A ストーマ装具の上部にガス抜きフィルターがついているものがあります。これはガスだけ抜くことができて便利な一方で、フィルターが便のカスで目詰まりしたり、ガスとともににおいがもれたりします。目詰まりしたら装具を交換してください。においが気になる方はフィルターのないものを使いましょう。

Q 皮膚がかぶれて困ります。

A かぶれの原因が、便なのか、テープなのか、皮膚保護材なのかを見極めます。便のもれなら前述のように皮膚保護材などでシワや溝を埋めてもれを防ぎます。テープや皮膚保護材が原因なら、装具のメーカーや種類を替えることで解決します。皮膚保護材の成分や配合は、化粧品と同様に千差万別。自分の皮膚に合う商品が必ずあるはずですから、ETナースなどの専門家に相談してください。

Q 面板の穴はストーマぴったりにあければよいですか?

A 面板についている皮膚保護材は、便の水分を吸収するとふくらむので、ストーマより1~2ミリ大き目に穴をあけ、ストーマの周囲に1ミリ程度の余裕を残して貼るのがコツ。家族の方に手伝ってもらい、水平の視線で見てもらいながら貼れればベストです。

Q 外出時は、ストーマ装具の替えを持参したほうがよい?

A 外出先では、不意の地震など何が起こるかわかりません。交換用のストーマ装具を持って出かけましょう。
最近では、高さの調節できるオストメイト用トイレ、身障者用のトイレがある駅も増えてきました。トイレの場所も確認しておくとあわてずにすみます。
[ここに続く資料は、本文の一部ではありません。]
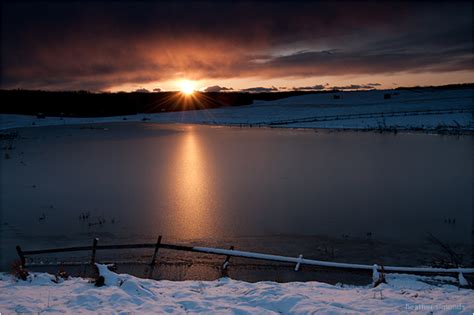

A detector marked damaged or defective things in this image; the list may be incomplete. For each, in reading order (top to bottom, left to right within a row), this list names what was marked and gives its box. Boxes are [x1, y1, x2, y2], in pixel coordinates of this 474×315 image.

Q 夏は汗でむれて気持ちが悪く、スポーツをするとき、はずれないか不安です。

A ガーゼなど汗を吸収するやわらかな素材でストーマを包む袋をつくってかぶせたり、スカートの内側に脱着できるポケットをつけて、ホルダー代わりにすると便利です。装具を固定する専用のベルトもあります。
ストーマがズボンのベルト位置に来る場合、サスペンダーなどを使うのも一案です。

Q 洗腸をしたいのですが……。

A 洗腸は、お湯を入れて強制的に腸にたまっている便を出してしまう方法で、道具の片付けまで含めて1時間ほどで終わります。慣れてくると、入浴、パソコン、編み物などをしながら洗腸する人も。洗腸すると約24時間は排便がないので、毎日洗腸して、装具を使わずに暮らしている人もいます。
回腸ストーマの方、体力がない方など、洗腸ができない方もいます。

イラスト

Q 飛行機や海外旅行は?

A 大丈夫。上空では気圧の関係で袋がふくらむことがありますから、便を捨ててから搭乗しましょう。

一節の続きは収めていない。